_WHAT IS NEEDED_: Nothing outside the range below should be printed. Output exactly the lines from the line with "Aura Bass shaker" to the line with "Shepley - Calcina (Chess.com INT, 2021)", both included.

= = = = =

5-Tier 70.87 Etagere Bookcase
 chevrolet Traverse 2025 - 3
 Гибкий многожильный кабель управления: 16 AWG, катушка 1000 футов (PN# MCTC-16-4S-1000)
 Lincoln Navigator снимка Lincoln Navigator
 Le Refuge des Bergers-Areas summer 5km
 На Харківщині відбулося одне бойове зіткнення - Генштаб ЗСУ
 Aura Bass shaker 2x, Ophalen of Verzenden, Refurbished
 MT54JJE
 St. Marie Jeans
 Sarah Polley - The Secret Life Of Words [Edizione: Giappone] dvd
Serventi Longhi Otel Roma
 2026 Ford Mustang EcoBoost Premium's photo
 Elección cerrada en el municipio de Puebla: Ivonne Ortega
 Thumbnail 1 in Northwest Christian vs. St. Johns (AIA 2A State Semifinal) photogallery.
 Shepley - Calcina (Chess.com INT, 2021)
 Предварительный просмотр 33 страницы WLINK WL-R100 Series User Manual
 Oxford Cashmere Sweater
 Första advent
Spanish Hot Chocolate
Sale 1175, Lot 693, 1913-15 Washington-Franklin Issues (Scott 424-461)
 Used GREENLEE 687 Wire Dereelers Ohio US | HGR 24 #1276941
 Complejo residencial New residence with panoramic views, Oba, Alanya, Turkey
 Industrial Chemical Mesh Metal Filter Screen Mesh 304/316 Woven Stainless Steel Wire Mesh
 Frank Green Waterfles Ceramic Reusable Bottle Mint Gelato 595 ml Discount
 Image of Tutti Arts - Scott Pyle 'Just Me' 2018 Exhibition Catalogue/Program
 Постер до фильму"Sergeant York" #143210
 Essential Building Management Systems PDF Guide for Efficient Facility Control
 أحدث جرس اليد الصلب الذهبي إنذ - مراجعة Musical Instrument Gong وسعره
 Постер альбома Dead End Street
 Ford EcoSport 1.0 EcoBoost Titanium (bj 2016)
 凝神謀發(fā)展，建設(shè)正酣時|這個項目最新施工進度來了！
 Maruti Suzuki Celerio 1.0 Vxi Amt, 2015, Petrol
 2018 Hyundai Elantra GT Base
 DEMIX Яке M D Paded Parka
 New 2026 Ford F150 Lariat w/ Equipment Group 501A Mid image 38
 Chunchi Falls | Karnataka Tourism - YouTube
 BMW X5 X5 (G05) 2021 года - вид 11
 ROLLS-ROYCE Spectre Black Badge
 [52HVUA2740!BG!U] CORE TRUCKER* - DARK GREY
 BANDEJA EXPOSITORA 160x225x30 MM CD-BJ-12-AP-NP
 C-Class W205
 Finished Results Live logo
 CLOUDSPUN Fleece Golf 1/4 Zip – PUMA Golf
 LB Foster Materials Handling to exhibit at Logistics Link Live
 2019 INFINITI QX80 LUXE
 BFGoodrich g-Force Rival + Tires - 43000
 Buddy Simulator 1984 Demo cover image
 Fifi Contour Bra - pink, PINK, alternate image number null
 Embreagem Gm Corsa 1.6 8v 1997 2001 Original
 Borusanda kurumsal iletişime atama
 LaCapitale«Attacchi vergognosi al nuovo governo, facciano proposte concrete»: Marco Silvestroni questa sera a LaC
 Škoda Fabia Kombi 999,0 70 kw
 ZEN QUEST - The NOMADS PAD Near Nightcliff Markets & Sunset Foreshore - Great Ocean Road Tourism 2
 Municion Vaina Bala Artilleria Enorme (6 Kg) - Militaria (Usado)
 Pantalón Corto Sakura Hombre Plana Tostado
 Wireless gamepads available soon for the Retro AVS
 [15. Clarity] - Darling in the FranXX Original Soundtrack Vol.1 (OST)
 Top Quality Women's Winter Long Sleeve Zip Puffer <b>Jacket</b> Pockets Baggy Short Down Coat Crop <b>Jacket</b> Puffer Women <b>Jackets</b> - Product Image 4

= = = = =

_OUTPUT BELOW_:
 Aura Bass shaker 2x, Ophalen of Verzenden, Refurbished
 MT54JJE
 St. Marie Jeans
 Sarah Polley - The Secret Life Of Words [Edizione: Giappone] dvd
Serventi Longhi Otel Roma
 2026 Ford Mustang EcoBoost Premium's photo
 Elección cerrada en el municipio de Puebla: Ivonne Ortega
 Thumbnail 1 in Northwest Christian vs. St. Johns (AIA 2A State Semifinal) photogallery.
 Shepley - Calcina (Chess.com INT, 2021)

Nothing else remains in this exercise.